◆ What to do
Below are entries with pictures among them; reproduce exactly, and only, the lines from the one containing "Here, enter the" down to the one containing "After you properly", without the pictures.

◆ Dataset
▼
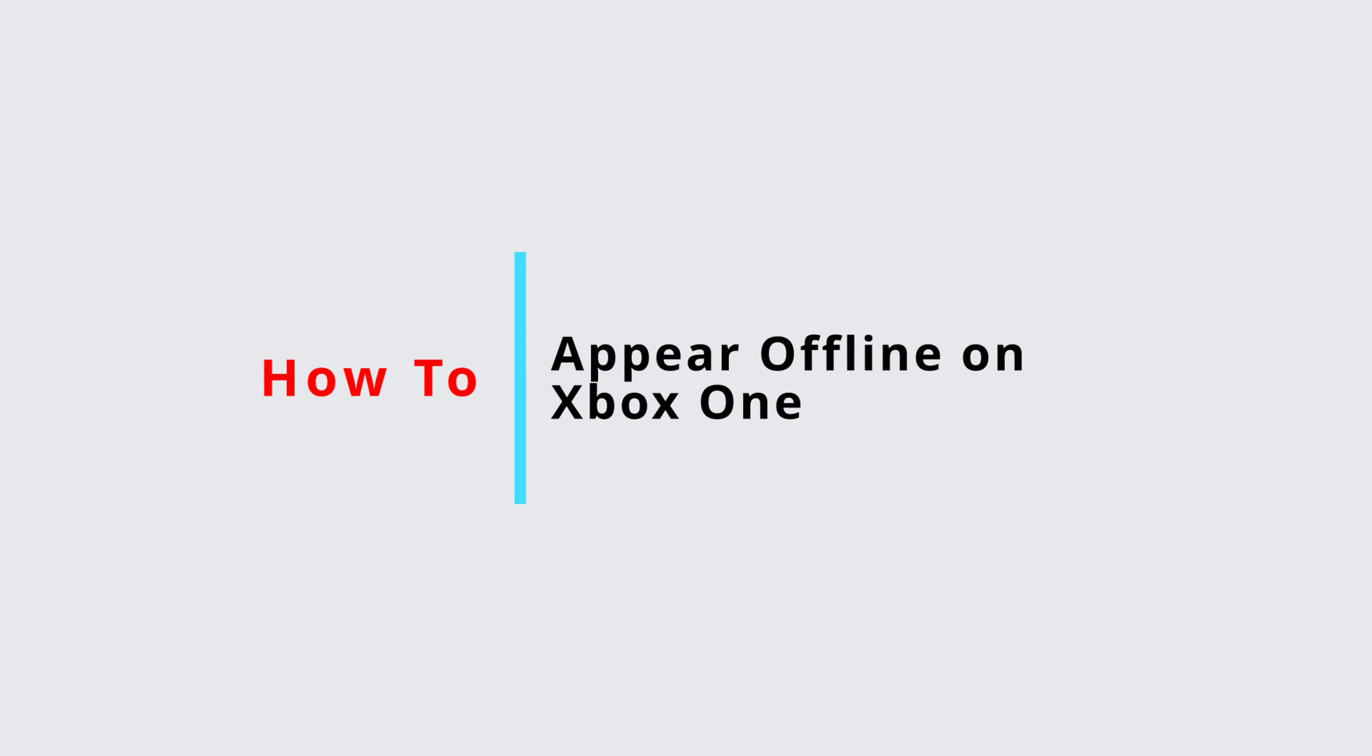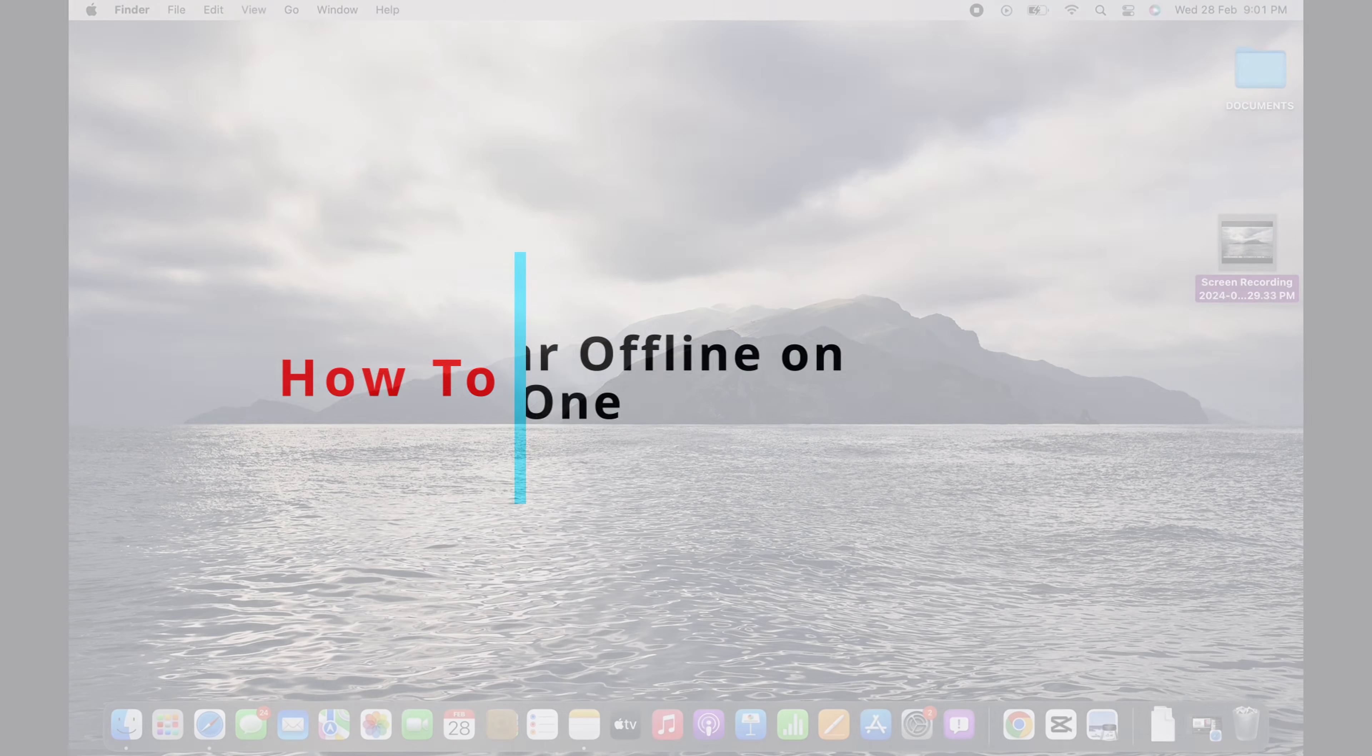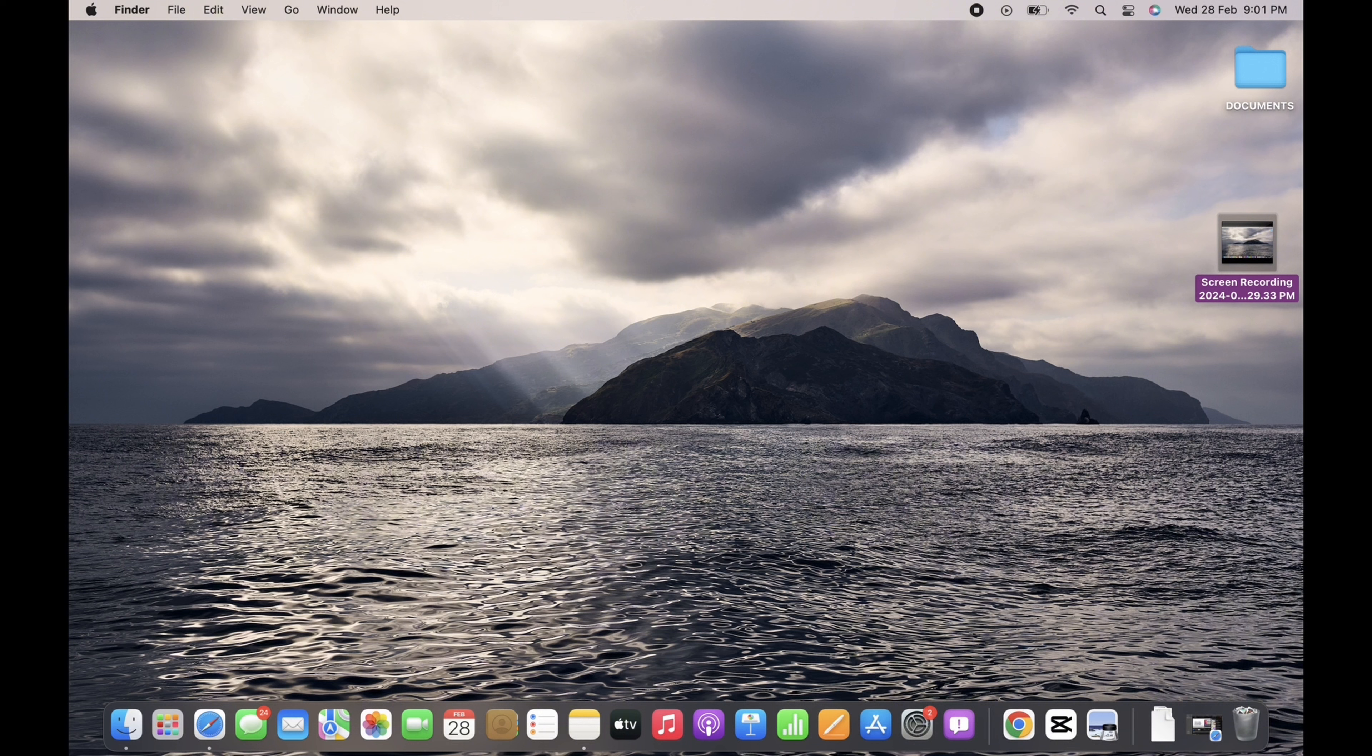How to appear offline on Xbox One. Hello everyone, I am Bishaka, and welcome to our channel. I will take you through the step-by-step process on how to appear offline on Xbox One. Now let's get right into the tutorial.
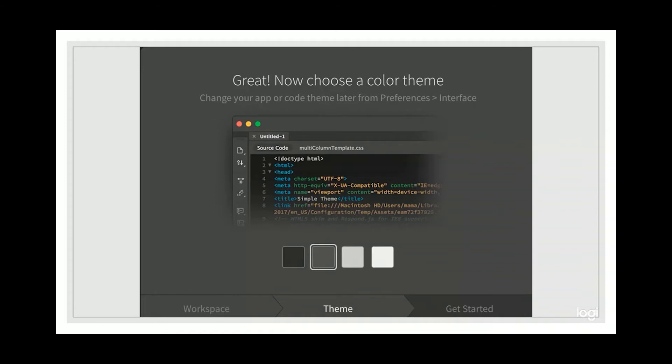Unfortunately, because I had already set up my Dreamweaver for a long time, I cannot show you the next screen. But for the next screen, it's very easy. Just close it in the upper right hand corner. Remember, there's a close button. Just close it. That's all you need.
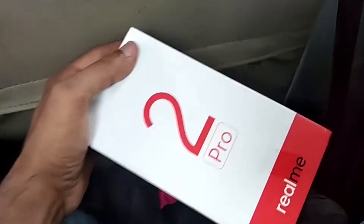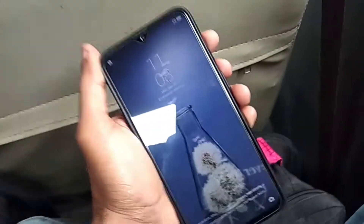Instead of using my old Redmi 4, I am using the new Realme 2 Pro — this phone here. I hope it will improve a lot in my new videos.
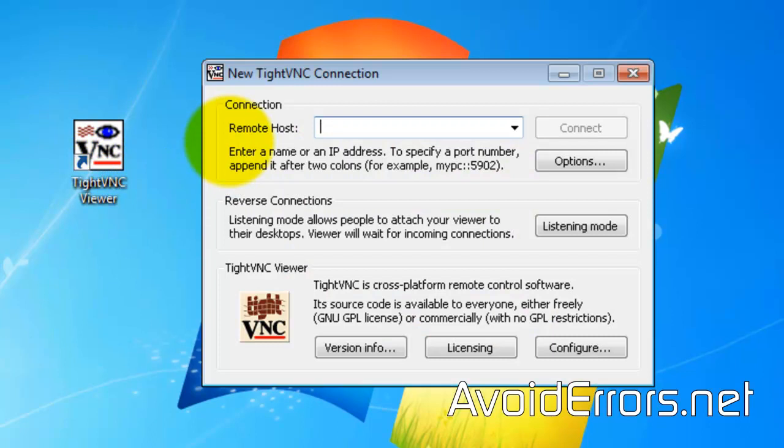Here, enter the IP address of the Mac computer and click on Connect.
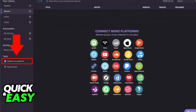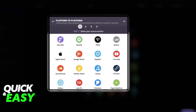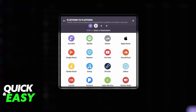After you properly log into the website and set up your account, the first step is to choose the platform-to-platform transfer tool on the left-sided menu. On the first step, select Spotify as the source service for the transfer and log into your Spotify account on the pop-up that appears.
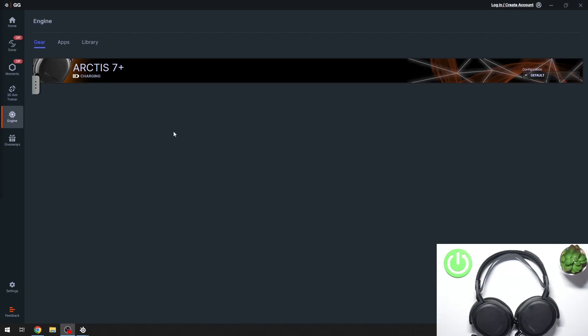Hi everybody and welcome. Today I have SteelSeries Arctis 7 Plus wireless headphones and I'm going to show you how you can easily pair your headphones with your PC using SteelSeries Engine.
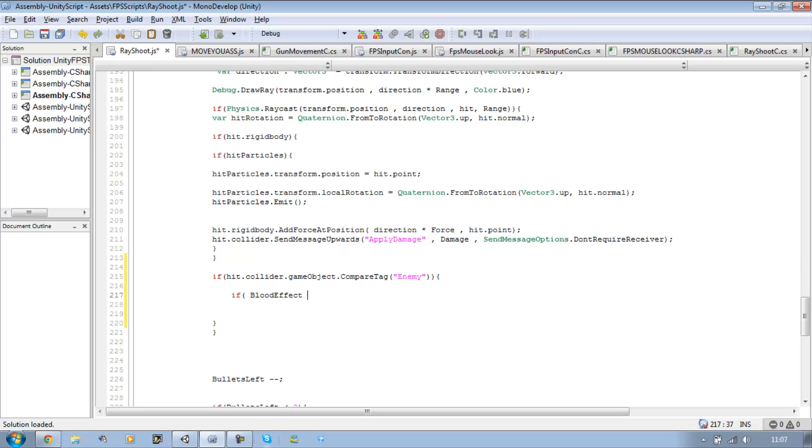Okay, so we're going to check if this is true, I mean false. So if emit is set to false, we want to enable it.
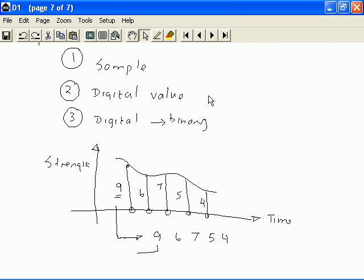For example, the digital conversion of 9 is 1, 0, 0, 1. The digital conversion of 6 is 0, 1, 1, 0. And the digital conversion of 7 is 0, 1, 1, 1.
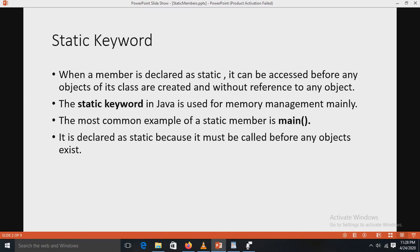When the static keyword is used, static members are associated with the class itself rather than individual objects. Static variables and static methods are referred to as class variables and class methods, to distinguish them from instance variables and instance methods. When a method is declared as static, it can be accessed before any objects of its class are created and without a reference to any object. The static keyword in Java is used mainly for memory management.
▲
◆ Reply to the exercise
Here, enter the IP address of the Mac computer and click on Connect.
After you properly log into the website and set up your account, the first step is to choose the platform-to-platform transfer tool on the left-sided menu. On the first step, select Spotify as the source service for the transfer and log into your Spotify account on the pop-up that appears.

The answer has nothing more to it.